▶ [Problem statement] Output the entire listing below exactly as it stands.
(Exercise data Opens)
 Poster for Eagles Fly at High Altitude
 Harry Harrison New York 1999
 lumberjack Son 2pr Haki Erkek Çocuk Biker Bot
(Exercise data Closes)
▶ [Output of the task]
 Poster for Eagles Fly at High Altitude
 Harry Harrison New York 1999
 lumberjack Son 2pr Haki Erkek Çocuk Biker Bot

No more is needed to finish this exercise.